Background: The new maps, drawn by the Republican-controlled state legislature after the redistricting commission came to an impasse in November, was accused of favoring one party. At least 12 of Ohio’s 16 congressional districts would have favored Republicans under the legislature’s proposed map. (per The Hill)

On Wednesday, the state Supreme Court struck down legislative district lines on the same basis that the lines unduly favored one party.

What Happened: The state Supreme Court came to a narrow 4-3 ruling, the majority concluded that the boundary lines violated a voter-approved measure in 2018.

[T]he evidence in these cases makes clear beyond all doubt that the General Assembly did not heed the clarion call sent by Ohio voters to stop political gerrymandering,” Justice Michael Donnelly wrote for the majority.

What Comes Next: The majority-Republican legislature must now come up with another map proposal in 30 days that will pass in court.

If the legislature is unable to come up with final district lines, the voter-created redistricting commission consisting of Republican Governor Mike Dewine, Republican Auditor Keith Faber, Republican Secretary of State Frank LaRose, and four representatives from the legislature will have 30 days to craft their own maps. (per The Hill)

What Democrats Say: Democrats called the ruling a win.

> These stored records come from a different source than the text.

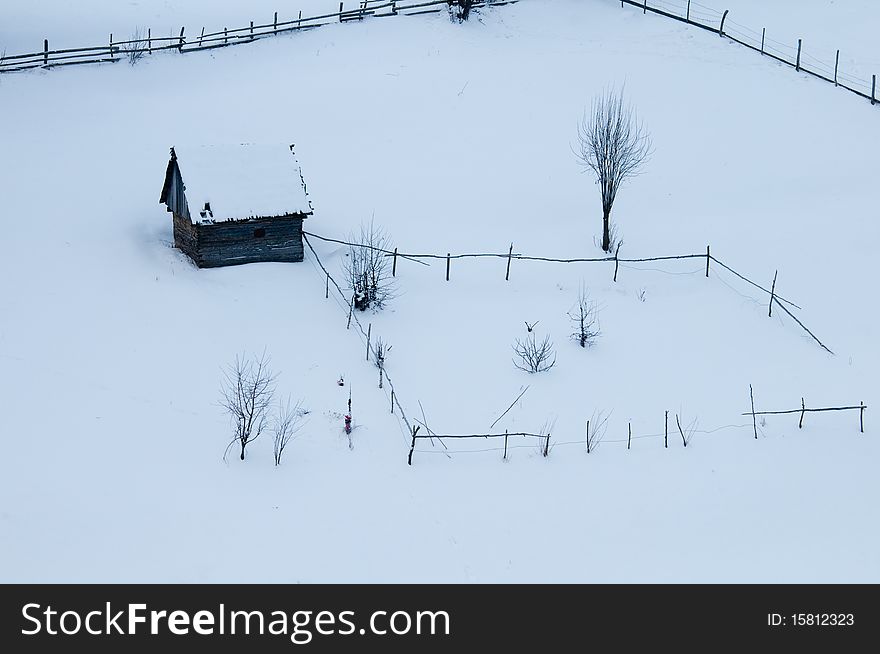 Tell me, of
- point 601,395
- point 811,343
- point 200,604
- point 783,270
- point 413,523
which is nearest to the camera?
point 200,604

“It is time for the state legislature to put aside partisan interests and prioritize the needs of Ohio voters. It is time for legislative leaders to put aside their personal partisan interests and create truly fair and representative maps that reflect Ohio,” said Catherine Turner from Common Cause Ohio. “The manipulation of districts is the manipulation of elections and voters have had enough.”